Forget the troublesome Pelham of 2009: Action guru Tony Scott and his muse Denzel Washington are firmly on the right tracks with this year’s adrenaline-fuelled thriller, Unstoppable, that really hits the mark, despite triggering an initial groan of yet another potential train-wreck of a movie on the cards.

After suppressing giggles from hearing that there’s an ‘unstoppable coaster’ charging down the tracks, with images of a cork mat having come loose from it’s coffee cup base springing to mind, the ‘coaster’ in question is another name for an unmanned runaway train, complete with 39 cars full of hazardous material to add to the thrills and spills.

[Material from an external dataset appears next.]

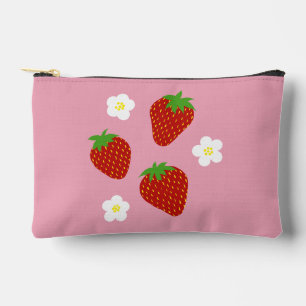 Mooie Aardbei Patronen op Roze Achtergrond Etui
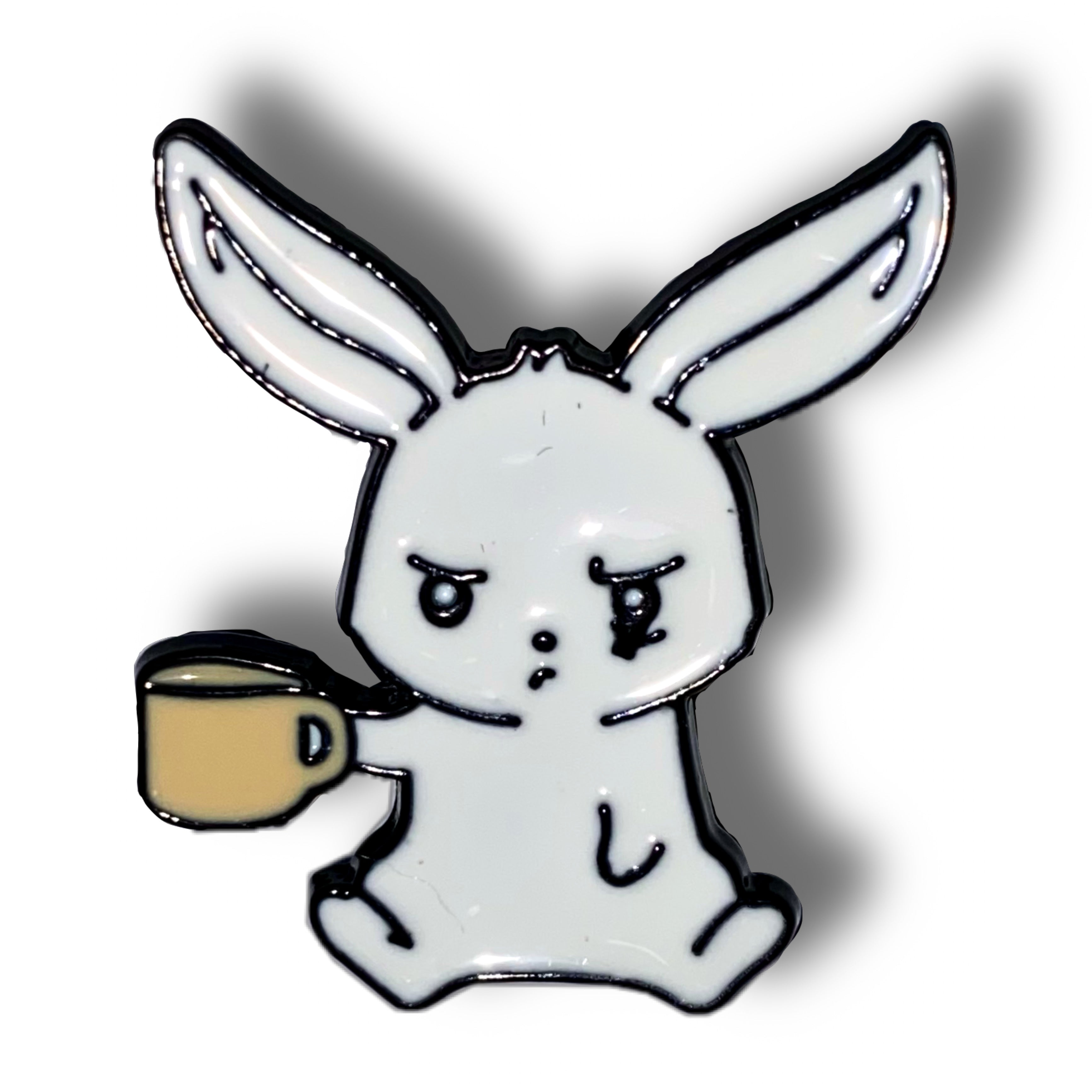 Rabbit with Coffee Enamel Pin Badge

It’s up to Washington as veteran train engineer Frank Barnes and Chris Pine as rookie conductor Will Colson – on his first day on the job – to save part of Pennsylvania from certain disaster.

Unstoppable is a tour de force all of its own, allowed to gather speed within a simple and highly effective, no-frills plot. It’s also a truly believable one, helped in part by the story being based on actual events. What’s more electrifying is Scott has turned a hunk of metal into a living, breathing demon, with a terrifying life force of its own, gathering momentum and fury as it approaches the end of the track.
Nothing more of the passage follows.